You just can't go wrong with Apple (AAPL, news)stock these days. Just look at these recent returns:
- 40% gain in the past year.
- 120% gain in the past two years.
- 190% gain in the past three years.
- 455% gain in the past five years.
- 4,600% gain in the past 10 years.
Given the dominant nature of the gadget giant, the $12 billion in cash on its balance sheet and its track record of innovation, it's easy to see why a great many investors agree that Apple simply is the best stock in the world.
But a share will set you back about $400. And -- the recent passing of icon Steve Jobs aside -- if you want diversification, you can't put every cent in Apple alone. Where else, then, should you stash your cash?
Even though there aren't a lot of other growth options out there -- and certainly no large-caps that have the explosive potential of Apple -- there are a handful of other blue-chip stocks that are incredibly attractive buys.
So if you already own Apple and are looking for other investments to fill out your portfolio, consider these picks. One of them may be the second-best stock in the world, or at least the second-best stock to buy right now.
McDonald's
McDonald's (MCD, news)isn't quite as dramatic as Apple when it comes to stock performance. The company has "only" doubled since 2007 and "only" tripled since 2005 -- compared with 330% gains since 2007 and 900% gains since 2005 for Apple.
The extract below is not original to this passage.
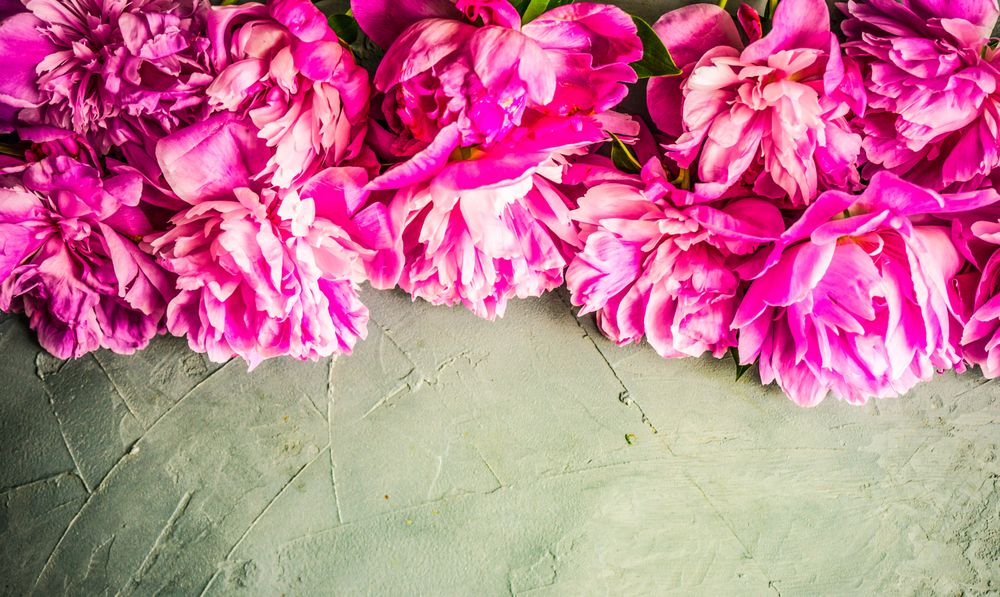 Summer flowers concept with peony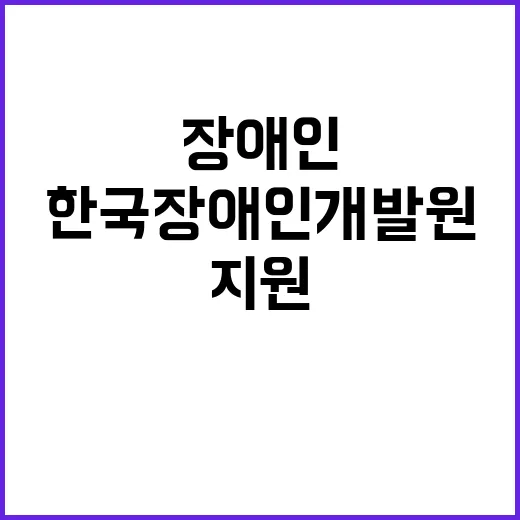 한국장애인개발원 비…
But you must admit those gains still are impressive -- especially for a mammoth blue chip like McDonald's that is dominant worldwide.
Also worth consideration is the fact that, since 2007, McDonald's has paid dividends totaling $9.26 per share. Since McDonald's stock was trading around $45 four years ago, that means on top of roughly doubling your money via share appreciation, you would have gotten back about 20% of your initial investment via dividends. If you had reinvested that cash, you could have really supercharged your returns.
Looking forward, McDonald's shows no signs of slowing down. McDonald's, like Apple, knows how to deliver small-cap gains despite its blue-chip size. That makes this a great stock to own.
IBM
While hip consumer tech stocks like Apple are in favor and laggards like Cisco Systems (CSCO, news)and Microsoft (MSFT, news)are dismissed, it's worth noting that the legacy names in the technology sector aren't all dead money. (Microsoft owns and publishes MSN Money.)
Consider IBM (IBM, news), which has doubled since Jan. 1, 2009. That's more than three times the gain of the broader stock market.
Why is IBM stock doing so well right now? Well, earnings are a big reason. IBM earnings have been up year over year in every single quarterly report for more than half a decade.
And look at this yearly earnings-per-share growth based on the past four fiscal years and the forecast for fiscal 2011:
- 2011 estimate: $13.40, forecast up 16%.
- 2010: $11.52, growth of 15%.
- 2009: $10.01, growth of 12%.
- 2008: $8.93, growth of 24%.
- 2007: $7.18, growth of 18%.
Growth like that is simply stunning. Big Blue still is picking up steam, too, with blowout Q2 earnings in July that boasted big earnings-per-share and revenue gains along with strength in all four divisions: technology services, business services, software and systems.
It's a high-tech world, and IBM continues to be a mainstay for many businesses even as the economy remains largely sluggish. Apple's consumer focus is great, but there's a lot to be gained in the stodgy old IT industry via an investment in IBM.